Path-finding algorithm for a game

Question

I have this assigment in university where I'm given the code of a C++ game involving pathfinding. The pathfinding is made using a wave function and the assigment requires me to make a certain change to the way pathfinding works.

The assigment requires the pathfinding to always choose the path farthest away from any object other than clear space. Like shown here:

And here's the result I've gotten so far:

Below I've posted the part of the Update function concerning pathfinding as I'm pretty sure that's where I'll have to make a change.

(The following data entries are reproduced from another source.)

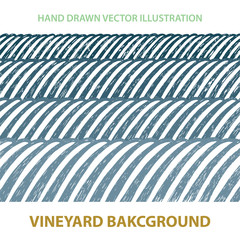 Valley. Vineyard and sunny valley hand drawn illustration. Nature and meadows. Vineyard woodcut style sketch drawing. Landscape abstract background.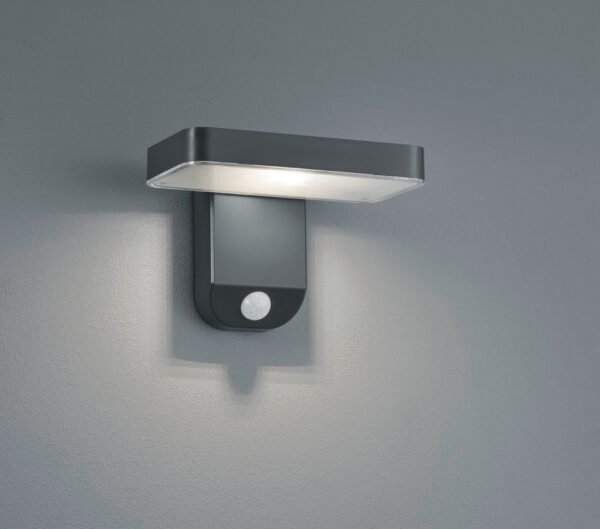 ESQUEL Applique - R22261142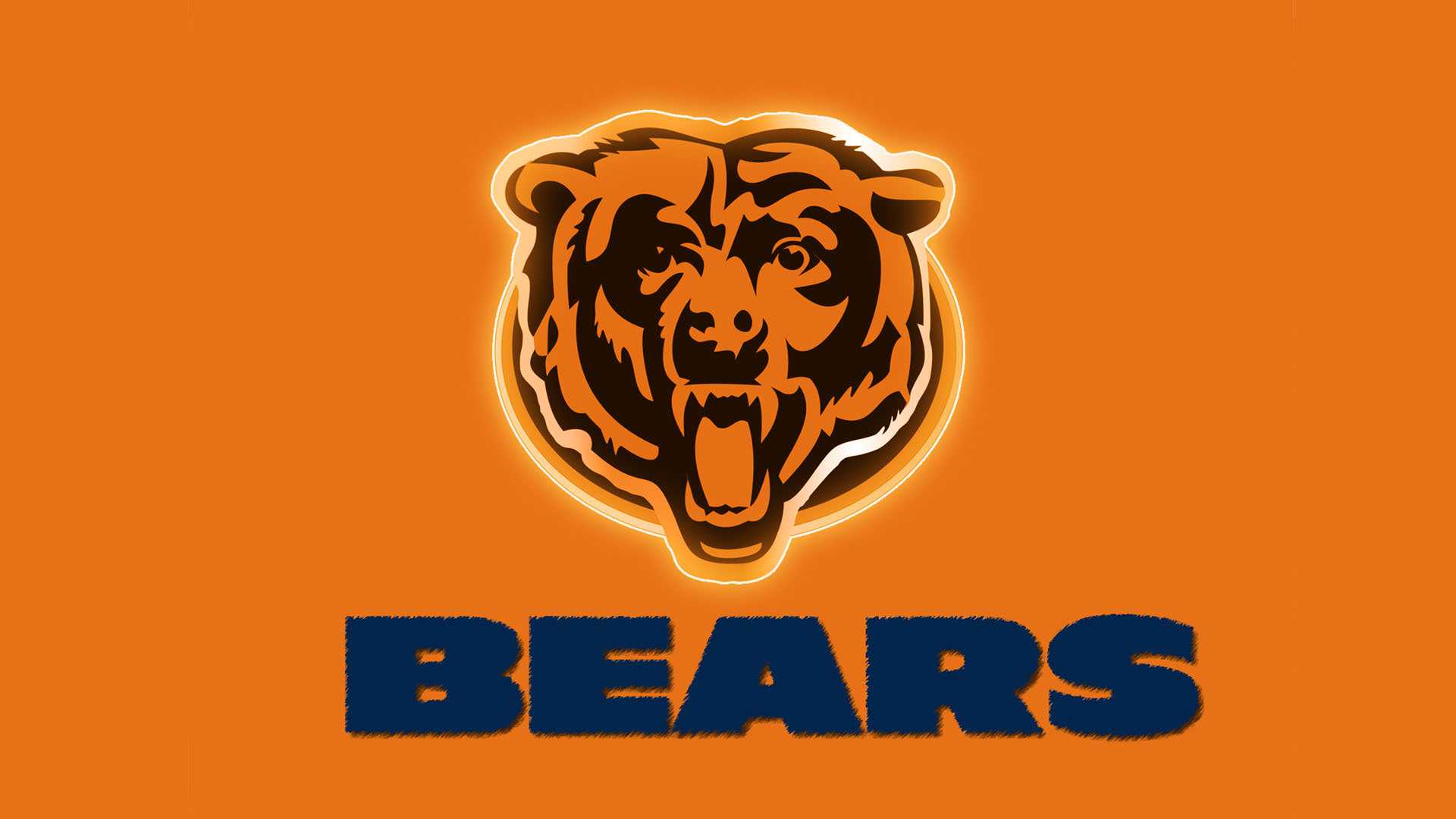 HD Bears Wallpaper - iXpap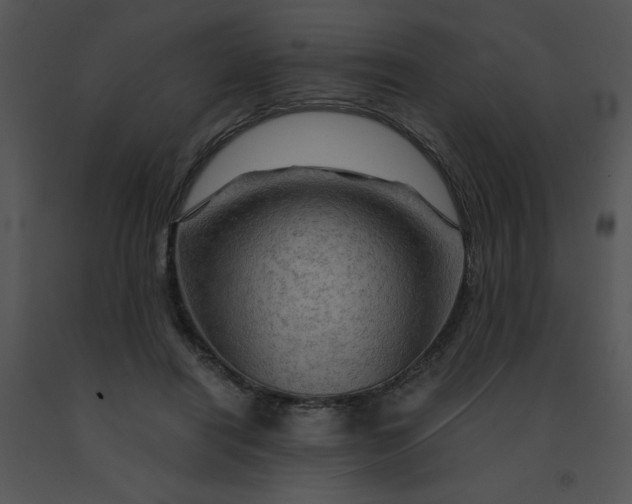 X0000091360454200708311508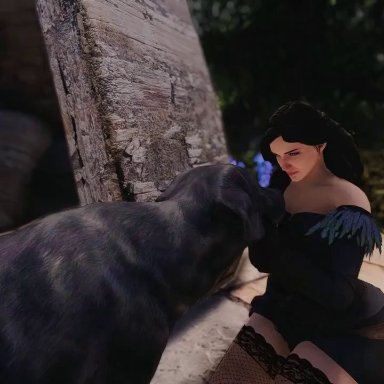 the witcher (series), yennefer, shinewind, animal genitalia, canine, dog, vaginal penetration, zoophilia, 3d, animated, sound, video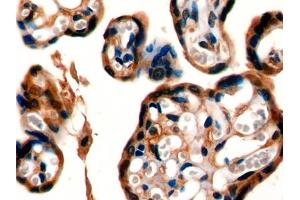 DAB staining on IHC-P; Samples: Mouse Placenta Tissue (DPP4 抗体  (AA 631-760))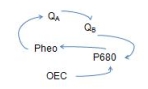 <strong>Which of the following correctly represents the Q cycle? (Note: Portions are omitted for simplicity)</strong> A)   B)   C)   D)   E)   <div style=padding-top: 35px> 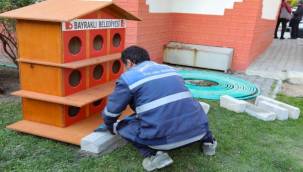 Bayraklı Belediyesi'nden kedilere yeni yıl hediyesi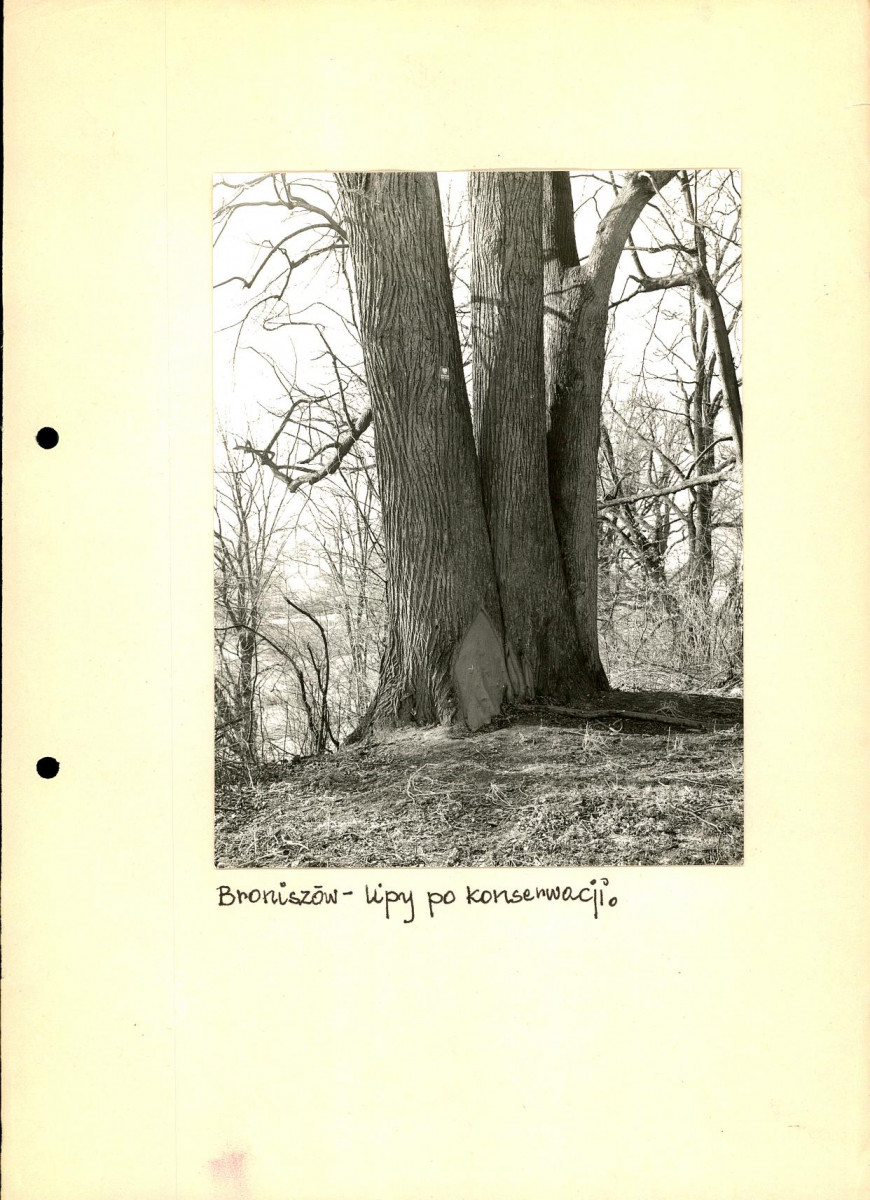 EP - Ewidencja parkowa, skan nr 47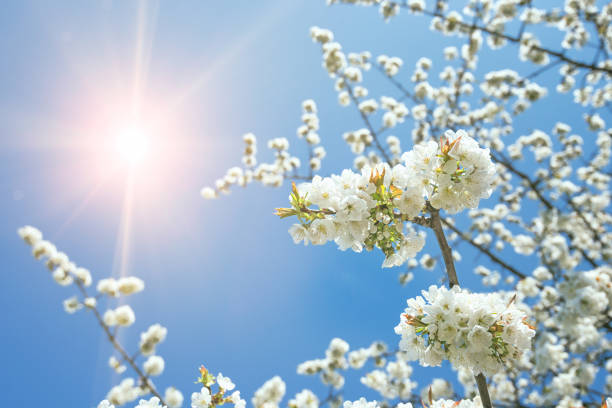 blossom tree in springtime with sun - agriculture beauty in nature flower clear sky imagens e fotografias de stock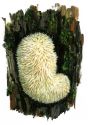 Hericium erinaceus (Bull.) Pers. attēls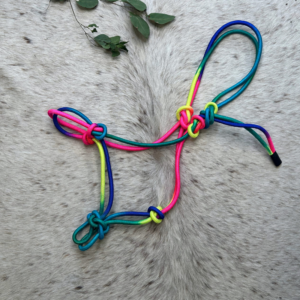 rainbow rope halter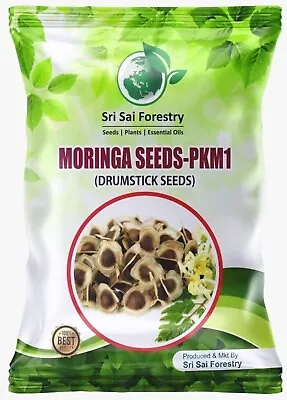 Moringa Seebs PKM For Agriculture Lands - 100 Seebs - Drumstick Seeb 100 Gram. • $67.12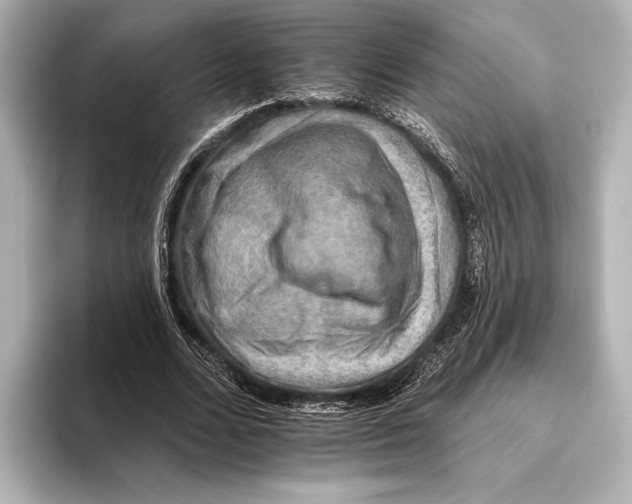 X0000095670680200802051231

for (int y = 0, o = 0; y < LEVEL_HEIGHT; y++) {
    for (int x = 0; x < LEVEL_WIDTH; x++, o++) {
        int nCost = !bricks[o].type;
        if (nCost) {
            for (int j = 0; j < 4; j++)
            {
                int dx = s_directions[j][0], dy = s_directions[j][1];
                if ((y == 0 && dy < 0)
                    || (y == LEVEL_HEIGHT - 1 && dy > 0)
                    || (x == 0 && dx < 0)
                    || (x == LEVEL_WIDTH - 1 && dx > 0)
                    || bricks[o + dy * LEVEL_WIDTH + dx].type)
                {
                    nCost = 2;
                    break;
                }
            }
        }
        pfWayCost[o] = (float)nCost;
    }
}

Also here is the Wave function if needed for further clarity on the problem.

I'd be very grateful for any ideas on how to proceed, since I've been struggling with this for quite some time now.

Answer 1

Your problem can be reduced to a problem known as minimum-bottle-neck-spanning-tree .

For the reduction do the following:

1. calculate the costs for every point/cell in space as the minimal distance to an object.
2. make a graph were edges correspond to the points in the space and the weights of the edges are the costs calculated in the prior step. The vertices of the graph corresponds to the boundaries between cell.

For one dimensional space with 4 cells with costs 10, 20, 3, 5:

|10|20|3|5|

the graph would look like:

 A--(w=10)--B--(w=20)--C--(w=3)--D--(w=5)--E

With nodes AE corresponding to the boundaries of the cells.

3. run for example the Prim's algorithm to find the MST. You are looking for the direct way from the entry point (in the example above A) to the exit point (E) in the resulting tree.